- The data -

● ● ● ●

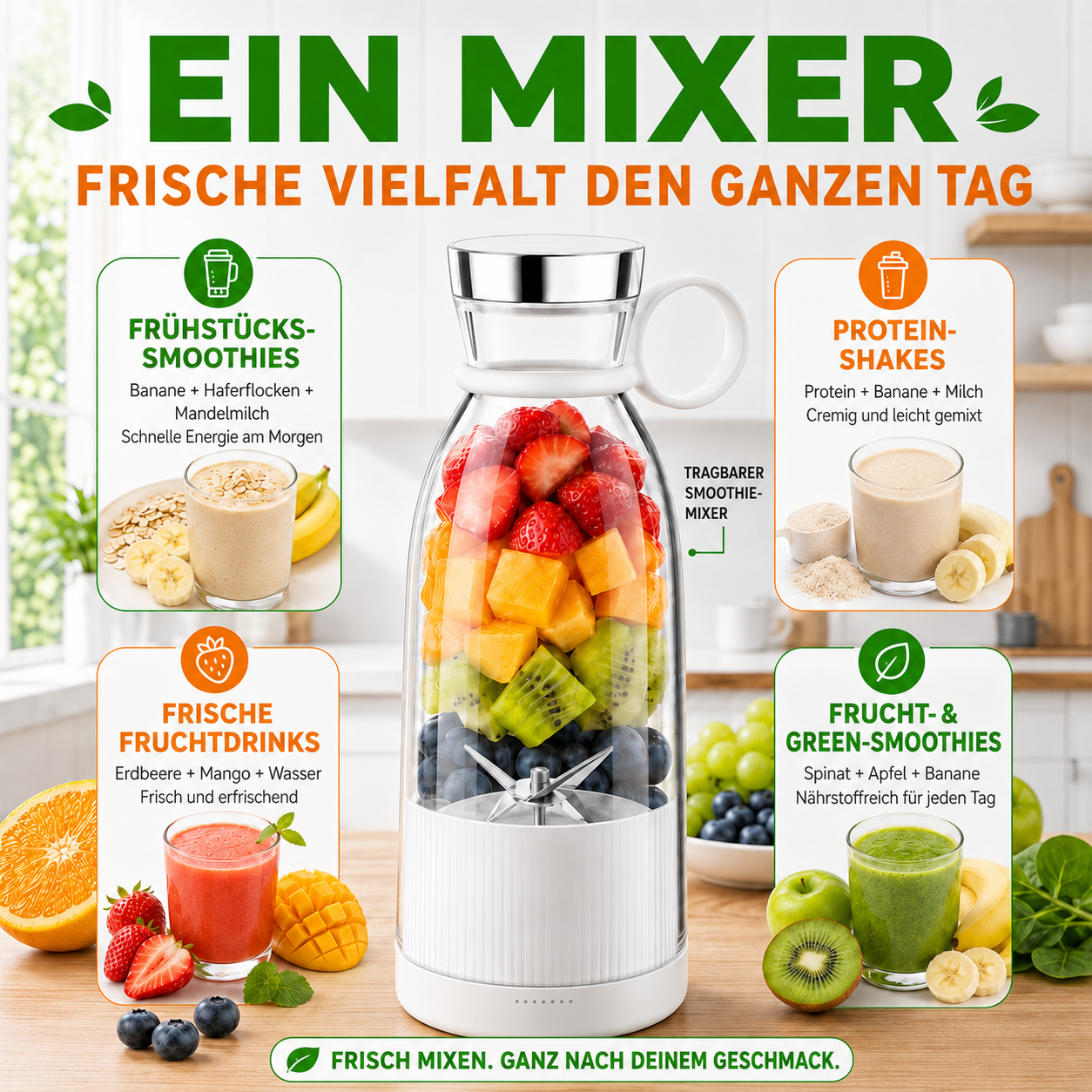 🔥 40% Rabatt💥Bestseller Tragbarer Entsafter | Frischer Saft überall und jederzeit 🍎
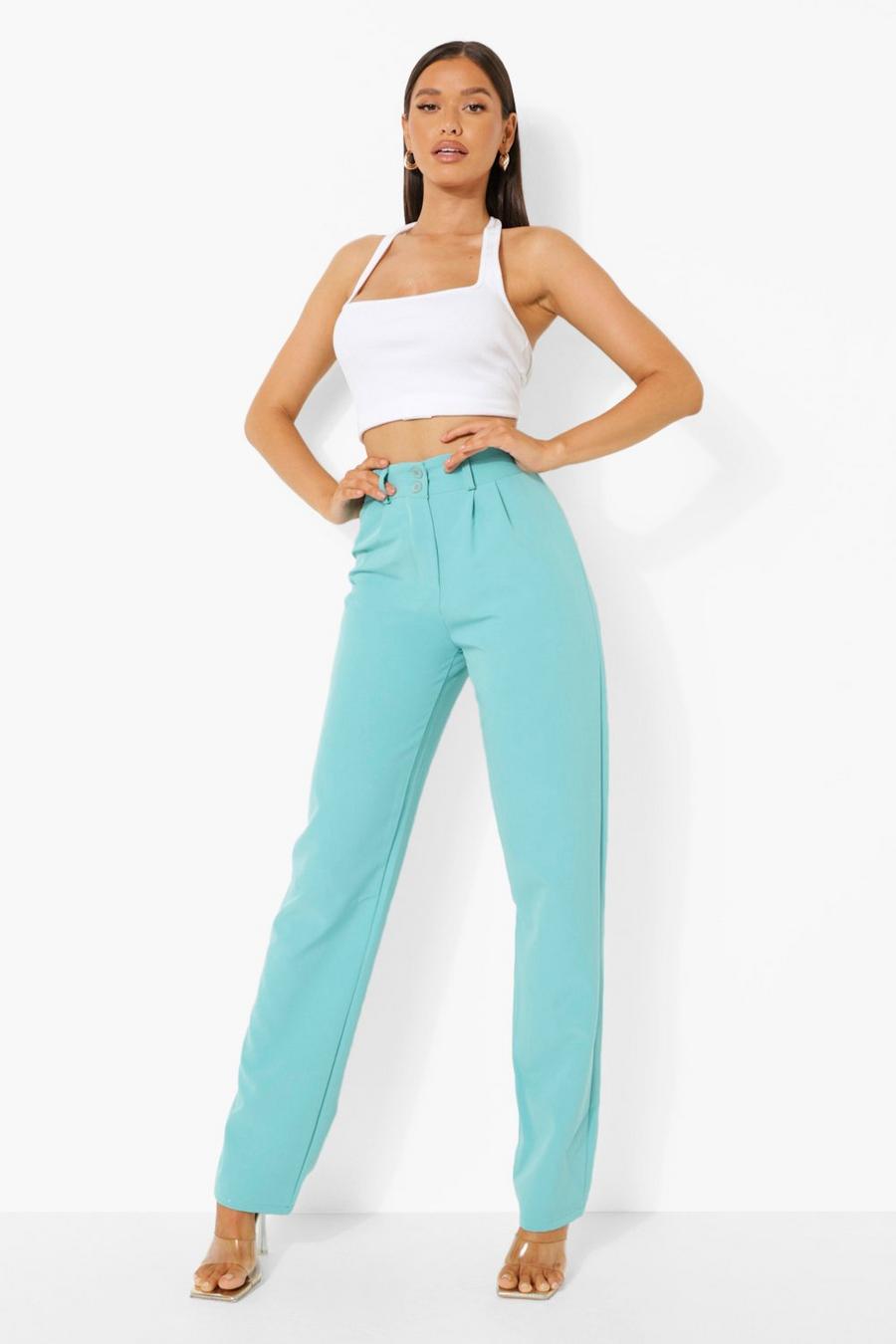 Turquoise Double Button Relaxed Woven Pants image number 1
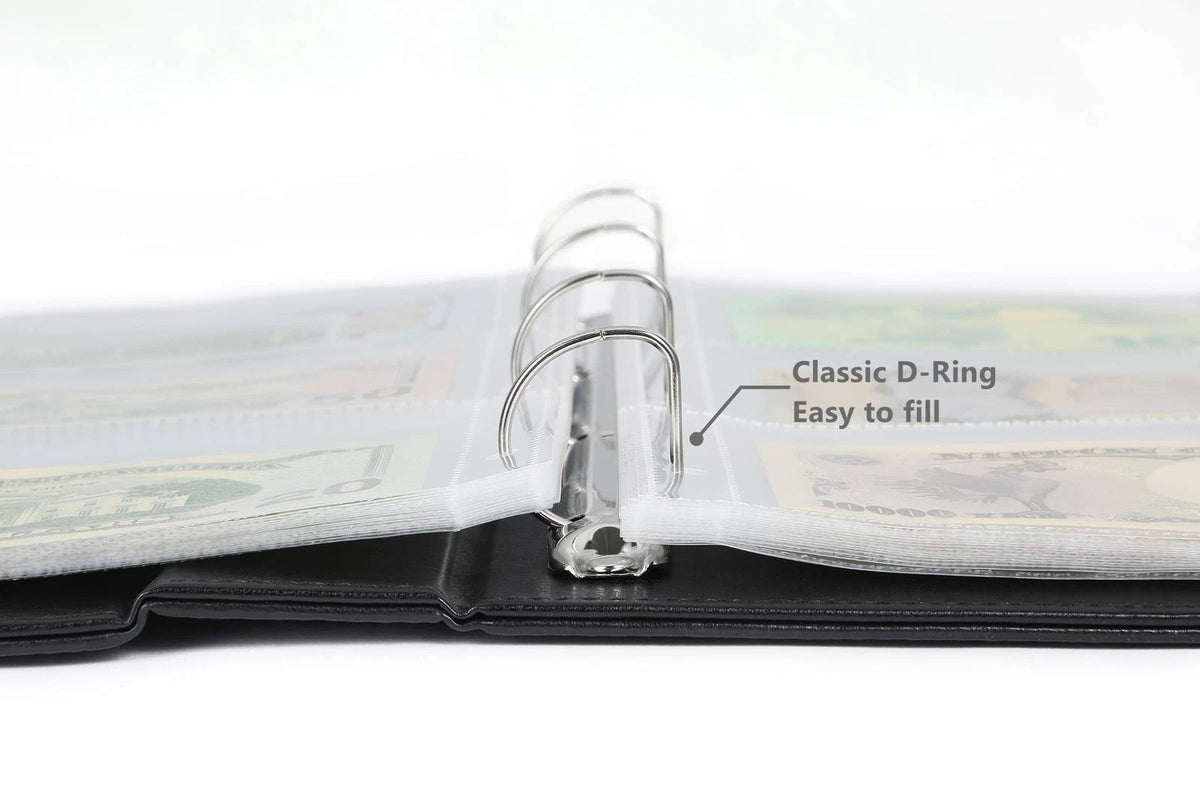 Currency Album for Banknote Collection (90 Pockets, 12.6"x 10.4"x 2")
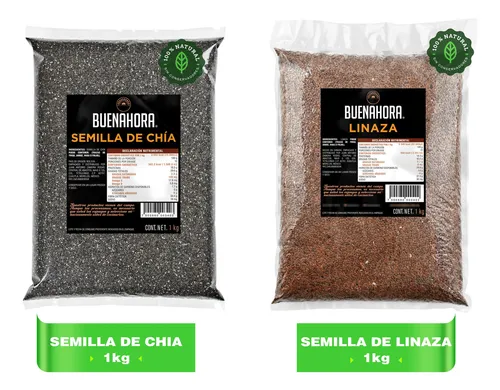 Semilla de Linaza y Chía BUENAHORA 2Kg – Combo de Superfoods Naturales Ricos en Fibra Omega-3 y Antioxidantes Ideal para Smoothies Batidos Avena Jugos Detox y Dietas para Bajar de Peso Flaxseed & Chia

● ● ● ●

- Work to complete -
The task requires the full listing to be given again verbatim, without its pictures.

- Result -
 🔥 40% Rabatt💥Bestseller Tragbarer Entsafter | Frischer Saft überall und jederzeit 🍎
 Turquoise Double Button Relaxed Woven Pants image number 1
 Currency Album for Banknote Collection (90 Pockets, 12.6"x 10.4"x 2")
 Semilla de Linaza y Chía BUENAHORA 2Kg – Combo de Superfoods Naturales Ricos en Fibra Omega-3 y Antioxidantes Ideal para Smoothies Batidos Avena Jugos Detox y Dietas para Bajar de Peso Flaxseed & Chia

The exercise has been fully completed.